WHAT IS REQUIRED: Exactly the lines from the beginning of the material to the line with "RENAULT Clio E-Tech techno Hybrid" are to be repeated, both ends included.
TASK INPUTS Block Start
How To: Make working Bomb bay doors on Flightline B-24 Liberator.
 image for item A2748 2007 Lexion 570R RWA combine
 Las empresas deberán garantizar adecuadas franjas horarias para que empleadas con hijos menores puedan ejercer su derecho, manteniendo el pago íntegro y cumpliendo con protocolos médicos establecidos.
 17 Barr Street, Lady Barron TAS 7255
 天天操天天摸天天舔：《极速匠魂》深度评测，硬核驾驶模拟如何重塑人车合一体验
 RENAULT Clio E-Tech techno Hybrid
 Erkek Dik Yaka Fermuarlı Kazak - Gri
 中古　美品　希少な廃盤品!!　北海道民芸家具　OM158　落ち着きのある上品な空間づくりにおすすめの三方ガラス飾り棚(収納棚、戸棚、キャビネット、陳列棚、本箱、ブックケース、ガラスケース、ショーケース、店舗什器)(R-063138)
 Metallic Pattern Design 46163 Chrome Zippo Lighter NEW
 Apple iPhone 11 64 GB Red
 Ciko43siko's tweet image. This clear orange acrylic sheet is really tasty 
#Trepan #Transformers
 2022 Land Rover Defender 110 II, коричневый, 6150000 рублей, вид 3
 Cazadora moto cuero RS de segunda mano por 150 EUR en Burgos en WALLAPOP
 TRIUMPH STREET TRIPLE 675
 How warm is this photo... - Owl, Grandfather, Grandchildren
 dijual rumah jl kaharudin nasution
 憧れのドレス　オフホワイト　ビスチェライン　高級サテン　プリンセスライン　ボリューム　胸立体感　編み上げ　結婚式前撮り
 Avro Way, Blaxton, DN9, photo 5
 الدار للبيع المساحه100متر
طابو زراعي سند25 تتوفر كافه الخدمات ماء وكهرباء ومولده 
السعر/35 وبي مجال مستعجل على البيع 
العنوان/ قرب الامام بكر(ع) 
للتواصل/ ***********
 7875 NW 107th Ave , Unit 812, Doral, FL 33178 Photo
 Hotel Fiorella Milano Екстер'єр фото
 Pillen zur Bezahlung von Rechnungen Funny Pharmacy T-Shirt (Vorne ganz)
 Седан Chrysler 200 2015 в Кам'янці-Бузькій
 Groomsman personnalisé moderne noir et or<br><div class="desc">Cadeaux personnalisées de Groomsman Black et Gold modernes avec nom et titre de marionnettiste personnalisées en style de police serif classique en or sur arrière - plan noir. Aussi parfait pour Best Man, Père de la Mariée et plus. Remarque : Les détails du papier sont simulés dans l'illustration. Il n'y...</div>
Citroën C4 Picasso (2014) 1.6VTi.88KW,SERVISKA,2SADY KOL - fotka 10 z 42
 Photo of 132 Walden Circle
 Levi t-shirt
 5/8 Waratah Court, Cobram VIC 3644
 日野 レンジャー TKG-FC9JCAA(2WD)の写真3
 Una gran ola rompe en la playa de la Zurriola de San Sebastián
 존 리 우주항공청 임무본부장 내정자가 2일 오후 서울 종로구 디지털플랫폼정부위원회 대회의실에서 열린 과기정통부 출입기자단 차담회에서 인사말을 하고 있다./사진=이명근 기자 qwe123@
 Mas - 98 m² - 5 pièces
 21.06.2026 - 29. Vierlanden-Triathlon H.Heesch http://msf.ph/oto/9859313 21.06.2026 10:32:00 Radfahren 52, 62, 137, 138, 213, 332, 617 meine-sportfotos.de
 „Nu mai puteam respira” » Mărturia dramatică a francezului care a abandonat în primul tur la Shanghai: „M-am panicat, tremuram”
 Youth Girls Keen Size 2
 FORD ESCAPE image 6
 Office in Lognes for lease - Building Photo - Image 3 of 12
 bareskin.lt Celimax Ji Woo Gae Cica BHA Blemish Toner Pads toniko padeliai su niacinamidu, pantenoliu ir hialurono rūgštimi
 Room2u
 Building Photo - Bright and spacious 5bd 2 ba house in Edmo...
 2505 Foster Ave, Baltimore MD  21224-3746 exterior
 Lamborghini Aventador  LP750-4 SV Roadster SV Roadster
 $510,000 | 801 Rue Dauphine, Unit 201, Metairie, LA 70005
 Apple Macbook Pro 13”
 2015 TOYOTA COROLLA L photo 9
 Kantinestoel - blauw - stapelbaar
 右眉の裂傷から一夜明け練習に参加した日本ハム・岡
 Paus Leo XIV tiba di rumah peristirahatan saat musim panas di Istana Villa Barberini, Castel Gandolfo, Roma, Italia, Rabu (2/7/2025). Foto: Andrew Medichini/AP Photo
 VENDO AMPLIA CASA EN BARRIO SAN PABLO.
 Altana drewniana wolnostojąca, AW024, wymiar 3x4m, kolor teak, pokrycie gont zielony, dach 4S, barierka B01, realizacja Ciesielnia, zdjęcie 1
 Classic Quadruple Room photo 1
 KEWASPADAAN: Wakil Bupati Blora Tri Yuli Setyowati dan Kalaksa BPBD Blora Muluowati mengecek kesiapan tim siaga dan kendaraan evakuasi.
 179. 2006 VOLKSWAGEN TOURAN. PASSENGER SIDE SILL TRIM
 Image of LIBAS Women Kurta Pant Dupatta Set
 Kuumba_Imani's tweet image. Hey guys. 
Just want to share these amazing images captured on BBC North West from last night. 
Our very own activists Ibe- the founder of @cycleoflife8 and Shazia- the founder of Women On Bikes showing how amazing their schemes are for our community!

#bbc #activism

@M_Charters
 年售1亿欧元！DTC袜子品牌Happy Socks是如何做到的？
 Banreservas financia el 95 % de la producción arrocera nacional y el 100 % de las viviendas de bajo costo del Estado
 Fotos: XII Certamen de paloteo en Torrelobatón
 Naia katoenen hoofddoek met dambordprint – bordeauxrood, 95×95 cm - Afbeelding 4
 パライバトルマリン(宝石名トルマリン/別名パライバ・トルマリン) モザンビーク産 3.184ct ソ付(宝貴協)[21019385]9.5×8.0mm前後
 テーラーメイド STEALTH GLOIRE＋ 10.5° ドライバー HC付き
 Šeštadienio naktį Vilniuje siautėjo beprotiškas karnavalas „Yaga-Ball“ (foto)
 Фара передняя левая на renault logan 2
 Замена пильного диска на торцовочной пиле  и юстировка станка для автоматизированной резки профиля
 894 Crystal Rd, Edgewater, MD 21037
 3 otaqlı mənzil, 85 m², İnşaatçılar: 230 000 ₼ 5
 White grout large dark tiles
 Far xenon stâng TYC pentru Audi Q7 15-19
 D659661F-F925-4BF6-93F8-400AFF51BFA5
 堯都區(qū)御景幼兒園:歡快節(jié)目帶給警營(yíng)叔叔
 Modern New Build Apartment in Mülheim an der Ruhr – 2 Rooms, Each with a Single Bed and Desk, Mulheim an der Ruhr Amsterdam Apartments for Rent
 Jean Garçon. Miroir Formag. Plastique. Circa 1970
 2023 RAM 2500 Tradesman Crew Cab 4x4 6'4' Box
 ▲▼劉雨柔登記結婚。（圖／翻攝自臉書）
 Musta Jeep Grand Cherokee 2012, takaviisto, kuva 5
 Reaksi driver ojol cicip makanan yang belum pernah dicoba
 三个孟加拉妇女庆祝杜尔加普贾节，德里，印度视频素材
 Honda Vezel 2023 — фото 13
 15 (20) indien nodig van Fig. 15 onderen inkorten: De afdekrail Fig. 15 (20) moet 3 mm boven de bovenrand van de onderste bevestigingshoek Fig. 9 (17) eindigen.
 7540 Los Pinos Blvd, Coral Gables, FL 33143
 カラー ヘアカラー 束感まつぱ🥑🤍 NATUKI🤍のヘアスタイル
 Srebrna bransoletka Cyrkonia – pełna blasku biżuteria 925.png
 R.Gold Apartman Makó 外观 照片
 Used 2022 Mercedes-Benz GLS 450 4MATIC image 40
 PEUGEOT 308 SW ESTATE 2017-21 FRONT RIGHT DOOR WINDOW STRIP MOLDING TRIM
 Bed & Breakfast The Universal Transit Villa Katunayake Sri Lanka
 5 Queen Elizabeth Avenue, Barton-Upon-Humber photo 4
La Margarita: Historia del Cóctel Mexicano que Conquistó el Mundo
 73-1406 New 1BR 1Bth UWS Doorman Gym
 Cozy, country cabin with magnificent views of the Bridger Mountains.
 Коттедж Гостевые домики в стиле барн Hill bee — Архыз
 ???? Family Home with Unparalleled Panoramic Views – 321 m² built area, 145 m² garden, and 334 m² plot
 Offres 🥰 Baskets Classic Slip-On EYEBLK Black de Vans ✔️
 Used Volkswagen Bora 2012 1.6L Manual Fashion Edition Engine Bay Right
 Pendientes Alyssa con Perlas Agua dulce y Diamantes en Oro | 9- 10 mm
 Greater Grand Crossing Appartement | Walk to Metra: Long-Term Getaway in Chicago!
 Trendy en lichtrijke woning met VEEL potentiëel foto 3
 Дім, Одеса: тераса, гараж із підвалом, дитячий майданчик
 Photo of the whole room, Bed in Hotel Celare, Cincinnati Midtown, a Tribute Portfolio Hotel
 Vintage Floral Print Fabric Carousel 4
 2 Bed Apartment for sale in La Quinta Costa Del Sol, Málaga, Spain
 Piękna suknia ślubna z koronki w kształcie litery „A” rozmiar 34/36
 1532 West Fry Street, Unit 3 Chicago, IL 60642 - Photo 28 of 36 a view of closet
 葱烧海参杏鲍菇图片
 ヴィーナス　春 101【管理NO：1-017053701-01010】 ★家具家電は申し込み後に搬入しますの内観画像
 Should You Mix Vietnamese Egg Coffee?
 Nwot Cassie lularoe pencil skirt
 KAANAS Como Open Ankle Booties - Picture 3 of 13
TASK INPUTS Block End
RESPONSE TO THE EXERCISE:
How To: Make working Bomb bay doors on Flightline B-24 Liberator.
 image for item A2748 2007 Lexion 570R RWA combine
 Las empresas deberán garantizar adecuadas franjas horarias para que empleadas con hijos menores puedan ejercer su derecho, manteniendo el pago íntegro y cumpliendo con protocolos médicos establecidos.
 17 Barr Street, Lady Barron TAS 7255
 天天操天天摸天天舔：《极速匠魂》深度评测，硬核驾驶模拟如何重塑人车合一体验
 RENAULT Clio E-Tech techno Hybrid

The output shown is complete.